Gray is nothing if not opinionated, and you might find yourself applauding some of his comments while disagreeing vehemently with others. His take on certain recordings parallels conventional wisdom and some of his observations strike this writer as just right. But he comes down rather hard on the largely excellent Desire, for example, and claims “huge flaws” mar the justifiably popular Time Out of Mind; he also calls the MTV Unplugged album “the dreariest, most contemptible, phony, tawdry piece of product ever issued by a great artist.” That sounds like a major overstatement, and you might also take issue with his claim that Street Legal – a fine and underrated album, to be sure – is “of astonishing complexity and confidence, delivered in Dylan’s most authoritative voice.”
Of course, many Dylan fans love to wade into and debate the details, and there’s plenty of opportunity for that here, along with all sorts of fascinating trivia. Let the fun begin.
The Richard Thompson Band, Historic Classic Concert—Live in Nottingham 1986. This fiery and well-recorded two-disc concert album features one of Richard Thompson’s best bands and draws on material from all periods of his distinguished career up to 1986. It includes five numbers from three of his classic records with ex-wife Linda Thompson, for example, as well as a song from Fairport Convention, which he co-founded. The main sources for the two-hour program, though, are several of his fine solo LPs from the early and mid-1980s, Hand of Kindness, Daring Adventures, and especially Across a Crowded Room, which is represented by six of its nine numbers.
Historic Classic Concert isn’t Thompson’s first live LP from this period – or even, for that matter, his first such album recorded at the Rock City club in Nottingham, England, in November 1986: another concert CD from that place and time appeared in 2020. However, the 21-track new release repeats only seven numbers from the earlier one, and it comes loaded with the incendiary guitar work, stellar material, and passionate vocals that have marked Thompson’s entire career.
Fats Domino, The Best Of/Live. Fats Domino, an influential legend of early rock and roll, deserves better than this release. Though a few major pop hits, such as “I’m Walkin’” and “Be My Guest,” are missing, the set does embrace many of his best-known numbers, including “Ain’t That a Shame,” “Blueberry Hill,” “My Blue Heaven,” “Walking to New Orleans,” and “Blue Monday.” But Domino’s vocals are not always his best here, nor are they always well mixed.

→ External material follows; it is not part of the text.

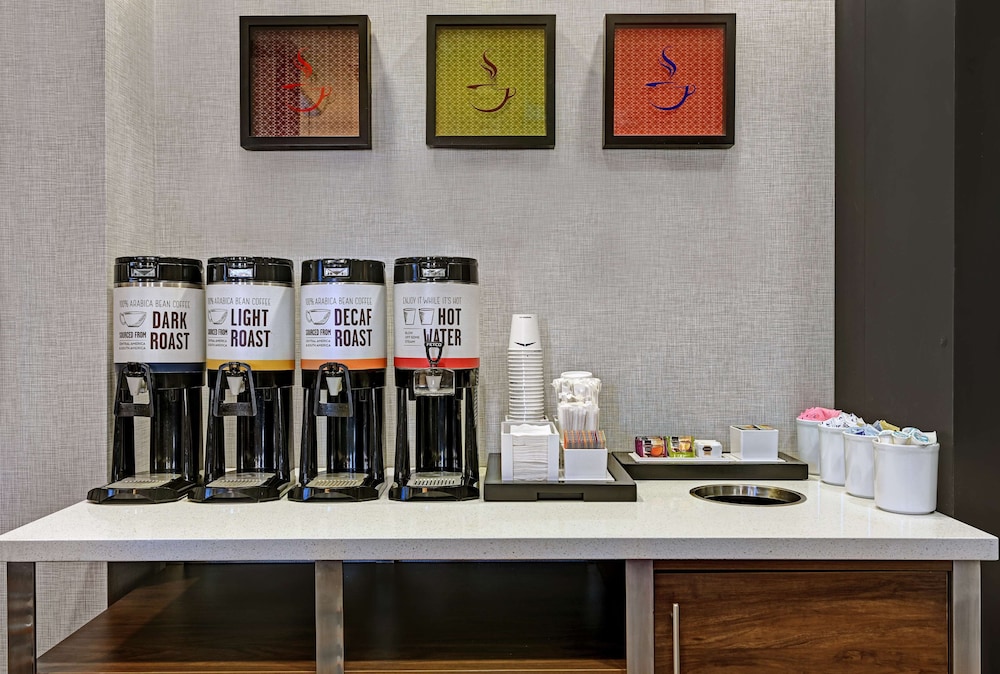 Hampton Inn Farmington MO 33/50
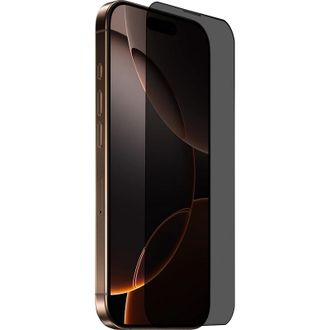 Захисне скло iLera DeLuxe Incognito FullCover Glass for iPhone 16 Pro Max - фото 2 Захисне скло iLera DeLuxe Incognito FullCover Glass for iPhone 16 Pro Max - фото 2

Moreover, there’s little sense that you’re listening to a concert: there are no spoken intros, and any audience response has been edited out. Also, this two-disc set—which has a total playing time of 72 minutes and could have easily fit onto one CD – contains no discographic information aside from a mice-type mention that the material was recorded in 1987 in the U.S. (Most likely, it was patched together from shows in multiple venues.)
You’d be better off with an album such as Live at Montreux (1974) or Live from Austin, TX (2006, and the source of the video clip below).